Isolation of poverty inhibits local awareness

The physical and social isolation of high poverty black neighborhoods cause few Arkansan whites to notice and help alleviate economic disparities. Brewer exposes the persistent stigma attached to low-income people, acknowledging local whites' oblivion to the institutional racial struggles of blacks as a bulwark to meaningful racial change.

Citing this Excerpt

Oral History Interview with Vivion Lenon Brewer, October 15, 1976. Interview G-0012. Southern Oral History Program Collection (#4007) in the Southern Oral History Program Collection, Southern Historical Collection, Wilson Library, University of North Carolina at Chapel Hill.

Full Text of the Excerpt

IVION LENON BREWER:
For the first time in their lives, the families who are occupying these recently built houses have running water they hadn't had at all.

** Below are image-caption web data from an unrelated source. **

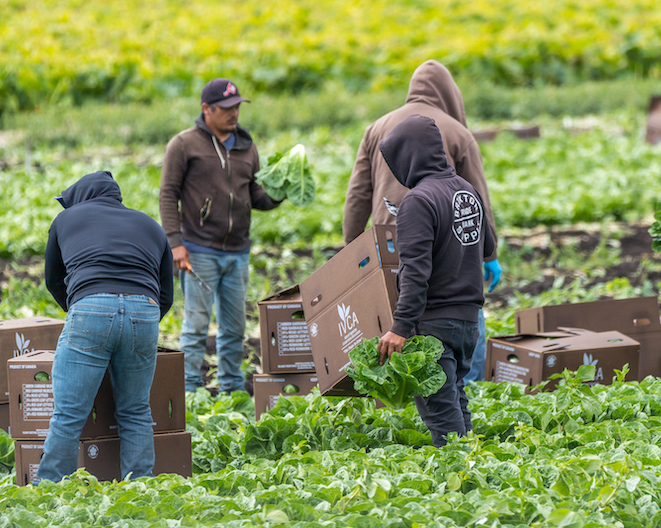 Men harvesting leafy greens from field during cool weather.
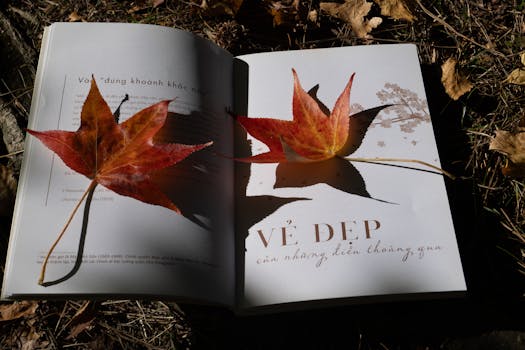 Essential Guide to Equipping Pet-Friendly Rentals in Reno, Nevada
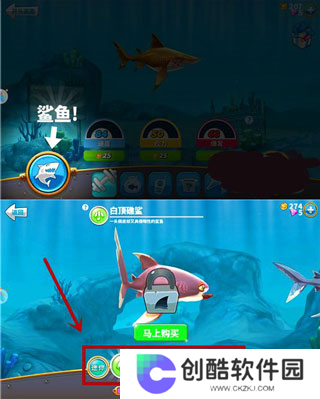 饥饿鲨：世界国际服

Many of them carried water for what to us would be a couple of blocks, you know. And if they had a pump in the yard, it froze in the winter, you know, and all of this. And yet, somehow or other, white people don't realize what this does to a family.
ELIZABETH JACOWAY:
That's right. That's right. I know that from my own experience. I know that I grew up thinking if black people wanted a better life, they would work to have it. And I had no understanding of the . . . Well, this shouldn't all be going on the tape (laughs) , but I had no understanding of what black people were up against.
VIVION LENON BREWER:
It might be good for it to go on, because it shows that even in your generation we have had this.
ELIZABETH JACOWAY:
Yes. Oh, yes. And among my friends in Little Rock now. Of course, I went away and had a series of very challenging experiences which opened my eyes. But among my friends who have stayed here, that has not happened. There haven't been
VIVION LENON BREWER:
And it's been interesting to me that Scott is really an isolated community. You can't imagine how I had to work to get anyone in Little Rock to come down to see, even.